Maloney JM, Rudengren M, Ahlstedt S, Bock SA, Sampson HA. J Allergy Clin Immunol. 2008;122(1): 145–151
PURPOSE OF THE STUDY. The authors of this study sought to determine the usefulness of peanut-, tree nut–, and seed-specific immunoglobulin E (IgE) measurements for the diagnosis of symptomatic allergies and to learn more about the relationships among these foods.
STUDY POPULATION. Children and adults (N = 324) referred to a private allergy practice and to an academic center allergy clinic for evaluation of suspected IgE-mediated peanut, tree nut, or seed (sesame seed, mustard seed, poppy seed, rapeseed, and cottonseed) hypersensitivity were enrolled in the study. Patients ranged in age from 2.4 months to 40.2 years (median: 6.1 years). The male/female ratio was 198:126. Atopic dermatitis occurred at some point in life in 57% and asthma in 58%. Many had or “outgrew” other food allergies.
METHODS. Patients answered a questionnaire about their perceived food allergies. Allergen-specific diagnoses were based on questionnaire, medical history, and, when relevant, skin-prick test results and serum-specific IgE levels. Sera were analyzed for specific IgE to peanuts, tree nuts, and seeds by ImmunoCAP (Phadia AB, Uppsala, Sweden).

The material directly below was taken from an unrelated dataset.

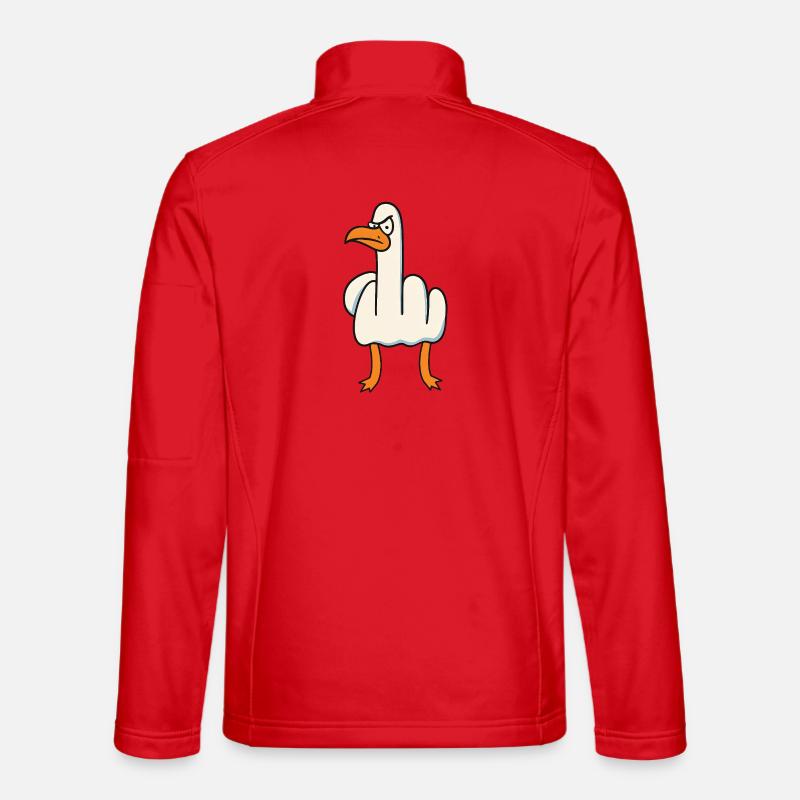 Middle Finger Goose Sarcasm - Unisex Softshell Jacket - red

RESULTS. Seventy-two percent of the patients had convincing histories of peanut allergy. Of these, 86% had sensitization to ≥1 tree nut, with 34% having clinical allergy. The majority of study patients had never ingested tree nuts, which made it difficult to determine the true prevalence of these nut allergies. Tree nut clinical allergy occurred with a frequency ranging from 16.4% for walnut to 1.5% for Brazil nut. Seventeen percent of the patients reported reactions to sesame seed. The ranges of increased serum-specific IgE levels for each food varied widely among patients with positive histories. The relationship between diagnoses and allergen-specific IgE levels was estimated through logistic regression, with curves illustrating the likelihood of receiving a positive clinical diagnosis in relation to the specific IgE concentration. Positive predictive values (95%) were established for peanut and walnut (13 and 18.5 kUA/L, respectively) but with sensitivities of just 60% and 17%, respectively. High correlations were found between IgE results for walnut and pecan and between those for cashew and pistachio.

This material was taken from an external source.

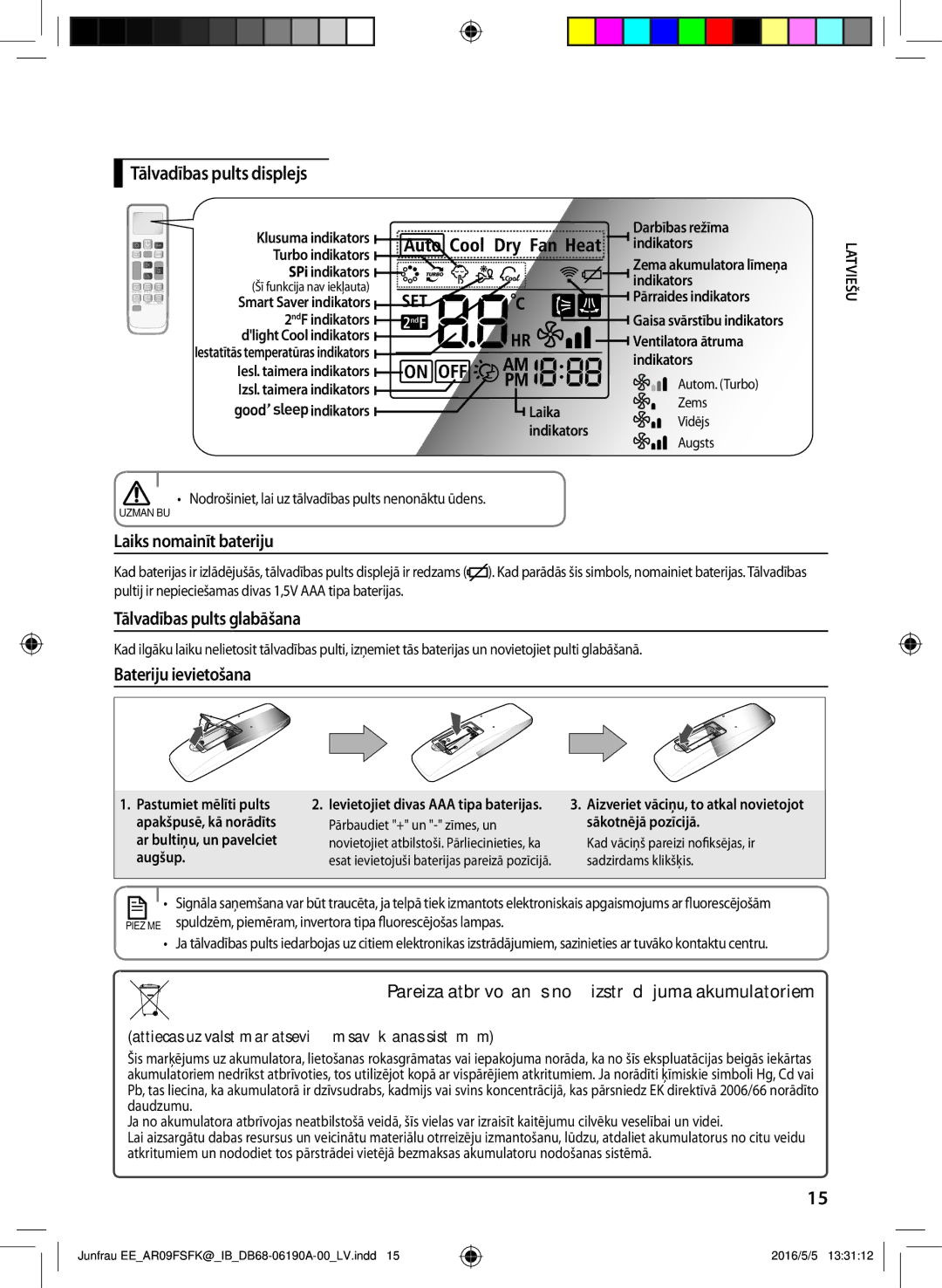 Samsung AR12FSFKBWTNEE, AR09FSFKBWTNEE manual Tālvadības pults displejs, Laiks nomainīt bateriju, Tālvadības pults glabāšana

CONCLUSIONS. Quantification of food-specific IgE is a valuable tool that can aid in the diagnosis of symptomatic food allergy and might decrease the need for double-blind, placebo-controlled, food challenges.
REVIEWERS COMMENTS. The standard method for diagnosing food allergy is the double-blind, placebo-controlled, food challenge, but the procedure is time-consuming and is not risk-free. It is well known that sensitization to foods, as defined by the presence of specific IgE, may occur in the absence of allergic reaction on ingestion (“clinical allergy”) and vice versa. Therefore, studies such as this one provide insight on the predictive value of the tests. Nonetheless, patients with serum-specific IgE levels less than the diagnostic decision points may require a physician-supervised oral challenge. It is also important to appreciate that immunoassays vary according to manufacturer, and reported results are not necessarily equivalent. Also, the severity of clinical reactions is very poorly predicted by the absolute levels measured.